Coming Soon: Android on RISC V

We attended the RISC V Summit today. We plan to do a deeper dive into how that ecosystem is doing broadly, but here we want to focus on one specific area of interest – the use of RISC V in smartphones.

By way of background, RISC V is an alternative instruction set architecture (ISA), which we have covered extensively. One of the big challenges facing RISC V is that existing products have decades of software built for other ISAs. In mobile, that ISA is Arm, Switching from Arm to RISC V would be very difficult because so much of mobile software is written for Arm that the effort of switching would be immense. Here software is defined broadly encompassing operating systems (OS) and applications, but also the low level firmware that chip designers provide as drivers interfacing between the OS and the processor, as well as the tools those chip designers use to design, build and test their chips. As a result, we tend to be very cautious around claims that RISC V will really take off in mobile.

That being said, it looks fairly likely that some time soon we will see mobile application processors built on RISC V in smartphones.
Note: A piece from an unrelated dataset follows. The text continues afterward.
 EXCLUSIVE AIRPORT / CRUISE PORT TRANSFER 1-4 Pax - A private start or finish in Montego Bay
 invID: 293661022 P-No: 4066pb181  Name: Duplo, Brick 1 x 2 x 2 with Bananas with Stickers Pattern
For starters, Google has been very vocal about promoting the use of RISC V for Android. Their motivations for this are not entirely clear, partially the appeal of “open” and partially wariness around its reliance on Qualcomm, and probably a few more factors. If we had to guess we suspect that they will launch a version of their Pixel phone using an internally designed applications processor based on RISC V in the coming years.

At the RISC V Summit, we attended a string of presentations on this subject of RISC V in mobile. In many senses, these talks did not inspire much confidence in the effort. A speaker from Samsung spent his entire time describing the very labor-intensive work involved just to get a benchmark test working in a way that was compatible with RISC V. Again, all that work just to get the testing tool to work. By the third mention of “hand coding” we were convinced that he was going to say they had abandoned the effort. However, at the end he said that they finally got their processor working and seemed to imply that it would be available in “non-flagship” models soon. Then a speaker from SiFive got up. They have been working hard on Android, and he started his presentation by stating that Android on RISC V was absolutely coming, but then he went through his own litany of woe. He detailed the many missing software drivers which SiFive then had to write themselves, almost of all which he said ‘would not be merged’ into the main Android code body. It got so bad that we grabbed the only question spot to make sure we had heard him correctly when he had said “Android is coming soon”, which he confirmed. Finally a speaker from Alibaba’s chip division T Head took his turn at crushing dreams with a lengthy discussion of the intricacies of the Android software environment. Again, we were left uninspired, except in the T Head booth they have a working demo of Android running on their TH1520 (see photo above).

In the end, we read this cavalcade of misery as a form of signaling what these companies need Google to do next. In fairness, there is a chicken and egg problem at work here. The hardware people need fixed timelines for Android API features. At the same time, Google needs to get clarity from the hardware ecosystem on their timelines.

And then there is Qualcomm. They have already launched a chip for Android wearables, and have ample motivation to stick a finger in Arm’s eye. We missed the keynote from Qualcomm’s RISC V point person Ziad Ahsgar, but he did not seem to make any headlines. Their Arm software library is the largest so the cost of them switching is highest. Nonetheless, we have to think they are thinking very hard about a switch like this.

So Android on RISC V works, Alibaba proved that. Samsung already has transceivers running RISC V and have an application processor ‘close’ to production. Despite all the challenges and many lacking features, it sounds very likely that we will start to see these systems in the wild soon, Maybe in 2024, maybe in 2025, and definitely with a whole host of growing pains.